Policjanci z Ostrowca Świętokrzyskiego zatrzymali mężczyznę, który żył w kazirodczym związku z córką. Zbigniewa C. ma z tego związku dwie córki, co potwierdziły badania genetyczne. Prokuratura o sprawie informowana była od lat, ale nie zrobiła nic - pisze "Gazeta Wyborcza".
Mężczyzna już w latach 90. został skazany na cztery lata więzienia za molestowanie sześcioletniej wówczas córki. Dziewczynka po tym wyroku trafiła do domu dziecka. 10 lat póżniej dziewczyna zaszła z ojcem w ciążę. W 2004 r. sąd dostał o tym zawiadomienie od dyrektorki Domu Dziecka w Chełmie. Sąd sprawę skierował do prokuratury w Ostrowcu. Odpowiedzi nie było.

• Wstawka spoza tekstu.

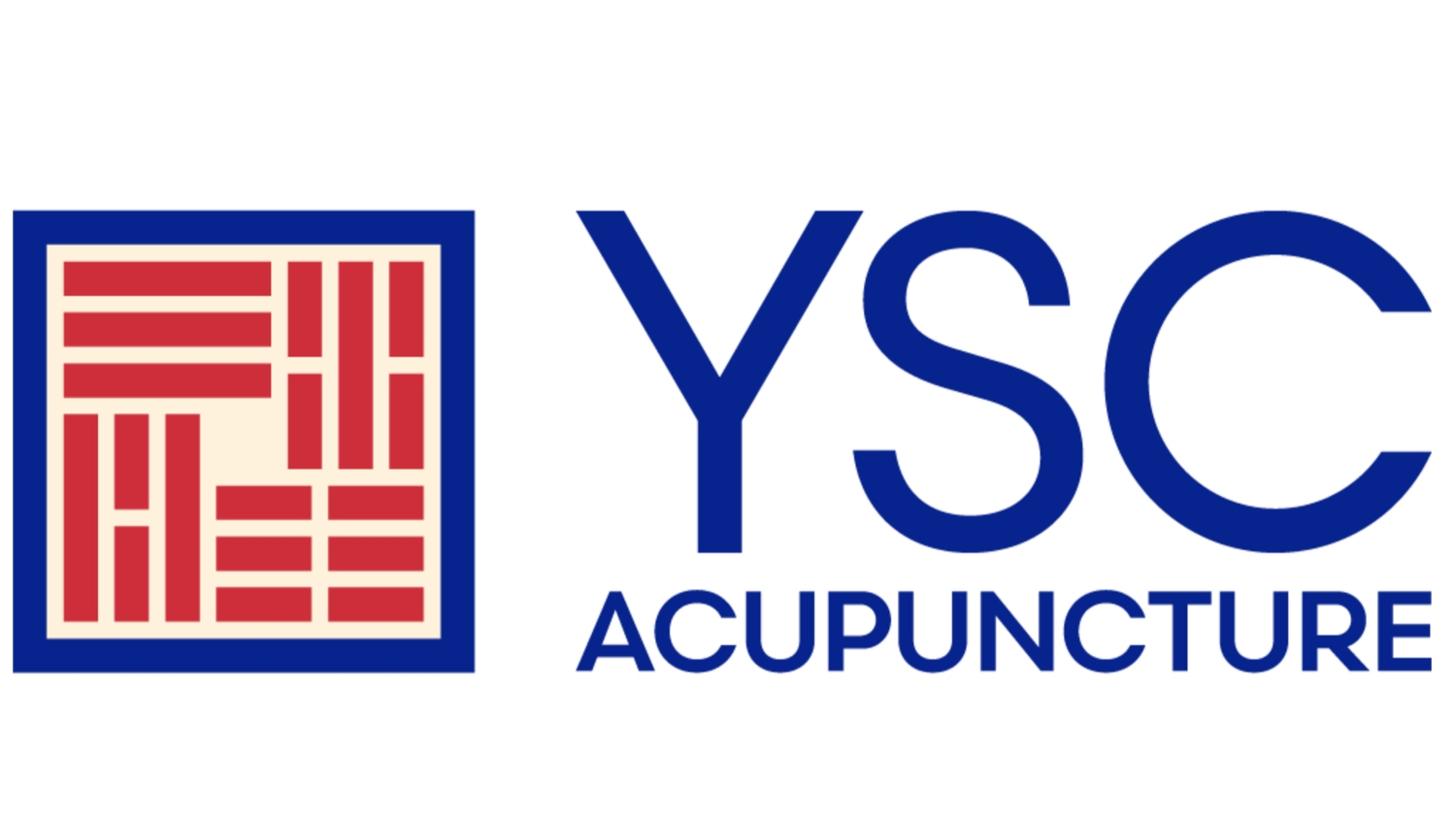 YSC Acupuncture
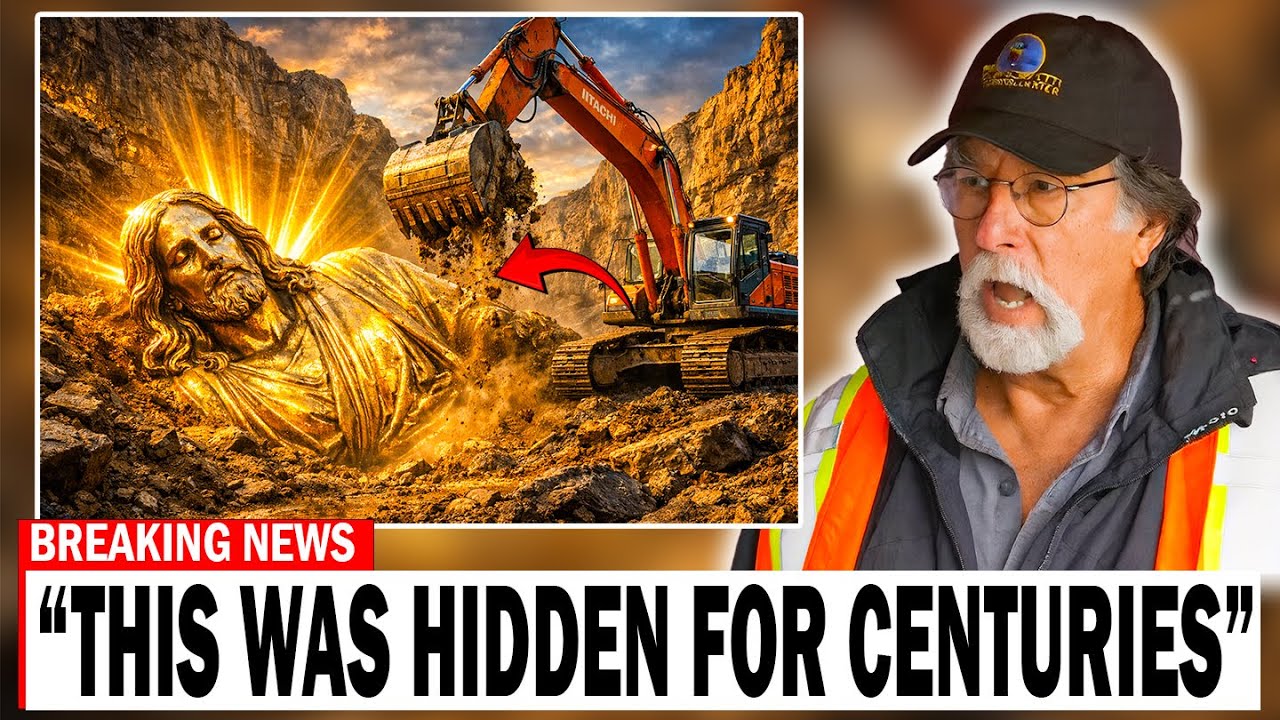 YouTube Thumbnail Downloader FULL HQ IMAGE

Dziewczyna przeniosła się do Sandomierza, po czym powróciła do Ostrowca. Prokuratury w obu miastach były kilkakrotnie zawiadamiane o kazirodczym związku. Żadna nie zajęła się poważnie sprawą. Prokuratorzy z Sandomierza źle pobrali próbki DNA, zanim powtórzyli badania dziewczyna "zniknęła im z oczu".
Donieśli sąsiedzi
Gdy Anna urodziła drugą córkę, sąd który przydzielił rodzinie kuratora, zawiadomił prokuraturę w Ostrowcu. - Znów odmówili wszczęcia śledztwa. Ich zdaniem zgromadzone materiały i przesłuchani świadkowie nie potwierdzali faktu obcowania płciowego ojca z córką - mówi gazecie Marcin Chałoński, rzecznik sądu w Kielcach.
Prokuratura wszczęła w końcu śledztwo po tym, jak pismo w tej sprawie złożyła rada osiedla, dzielnicowy i mieszkańcy Kątów Denkowskich, gdzie mieszkała rodzina. Teraz Zbigniewowi C. grozi do pięciu lat więzienia.